Tristram Hunt, Shadow Education Secretary, has said that Labour would replace Osted’s“avalanche of bureaucracy” with a peer review system.


Hunt made this announcement at the Association of Teachers and Lecturers annual conference where he praised Ofsted but also recognised the limitations of an education system reliant on the kind of inspection system that currently exists:

“There can be no doubt in my mind that Ofsted has been an extraordinarily progressive force for improving this country’s educational outcomes and spreading equal opportunity to areas of historic disadvantage.

“But I also believe we may have reached the tipping point, the moment when our inspection system begins to choke something far more precious. When the joy, wonder and beauty of schooling risks being buried in the avalanche of bureaucracy that emerges out of the increasingly byzantine demands of inspection.

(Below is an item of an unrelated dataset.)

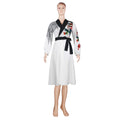 new summer collection: european and american style plus size women's printed white dress - perfect for cross-border e-commerce on  and the african market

“Or at least the frazzled, insecure interpretation of those demands by some head teacher.”

To move away from this, Hunt said he wanted a school inspectorate free from “the merest suspicion of politicisation and political interference” and one would not make any prescriptions on pedagogy. He also said that he wanted a body that:

“above all…carries the full confidence of the profession, parents and business. Ofsted needs to move towards a supportive, light-touch, profession-led, centrally moderated, peer review system of inspection.

“And an incoming Labour government will support this pathway to reform. A journey towards an inspection system that upholds standards and allows the space and flexibility for innovation.

“Let nobody tell you this is a soft touch. Let nobody tell you this is threat to standards. Rather this is the embodiment of trust, collaboration and a 21st-century approach to rigour and underperformance.”

Hunt also said that under Labour government departments would be encouraged to work together more frequently, particularly on policy areas where they have common ground:

“Within the first 100 days you will have a Labour education bill about vocational education, apprenticeships and training.”

“It will be a joint Department for Education (DfE)/Department for Business Bill because once again we’re moving away from this isolated vision of the DfE.

“The DfE is going to work once again with departments like the Department of Health to work on parenting and early years, and it’s going to work with the Department for Business on vocational education, on apprenticeships, on training. So within the first 100 days we will have that.”